My name is Matt Guffey and I’m the owner of Victory High Performance, a personal trainer and strength coach who works with athletes and general population folks alike.. I figured I could help with your story if you still need some info!

What a client can expect varies according to myriad factors including but not limited to frequency, consistency, diet, and sleep..

I see my clients minimum twice a week to ensure that they see results, although many of my clients come four times per week so they can certainly expect to see better body composition, increased performance gains, etc. than those who come less frequently.

I used to do it once a week for some people but I found that they weren’t doing anything else outside of our time together and then it’s nearly impossible to see or feel a difference. Two times weekly allows us to hit every major movement at least once and sometimes twice. 

To make things simple…

1 month: Feel and move better. All of my clients have stated that they at the very least notice a difference in how they feel and move which is ultimately the greatest metric when it comes to fitness.

6 months: Improved body composition (provided their diet and sleep regimen is on point) and increased strength, power, lung capacity as well as decreased sub maximal heart rate and improved metabolic efficiency.
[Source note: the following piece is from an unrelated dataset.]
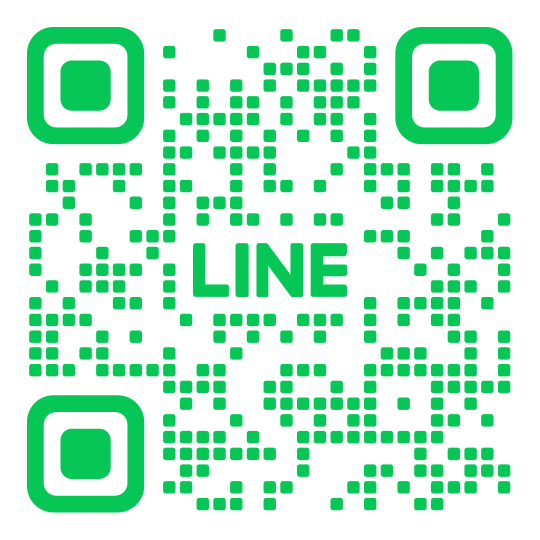 LINE友だち追加QRコード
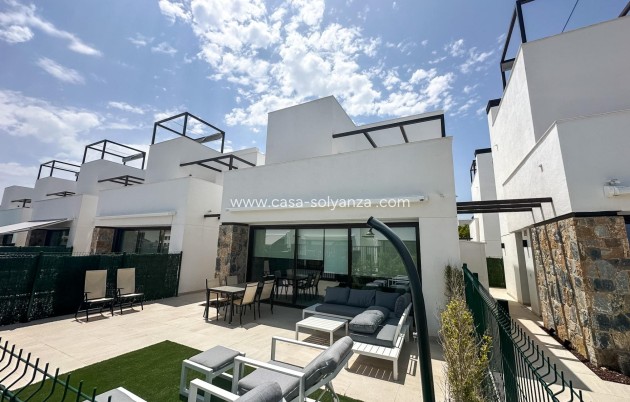 Revente - Villa - Los Alcázares - Dolores De Pacheco-santa Rosalía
12 months: Huge improvement in strength gains. We have “gold standard” strength markers that we’re always pushing towards and I’d say after a year of consistent training they will likely have reached one or more of those goals 

Re: results with v. without a trainer.. 

With a trainer you *should* have clearly defined goals and intelligently planned programming geared toward achieving said goals, which is the major benefit qualified trainers provide.

I say *should* because not all trainers are created equal and I still see a lot of trainers come up with random workouts with no purpose or end goal that are simply geared toward wearing their clients out and it’s no way to train.

Without a trainer you risk overtraining certain muscle groups (often the chest, triceps and shoulders) and detraining others (most commonly the back, glutes, and hamstrings).

New clients should expect to make serious but incremental, sustainable lifestyle changes in order to see results. If they fuel properly, sleep enough, and train intelligently and frequently then there shouldn’t be any reason they can’t achieve body composition and/or performance goals!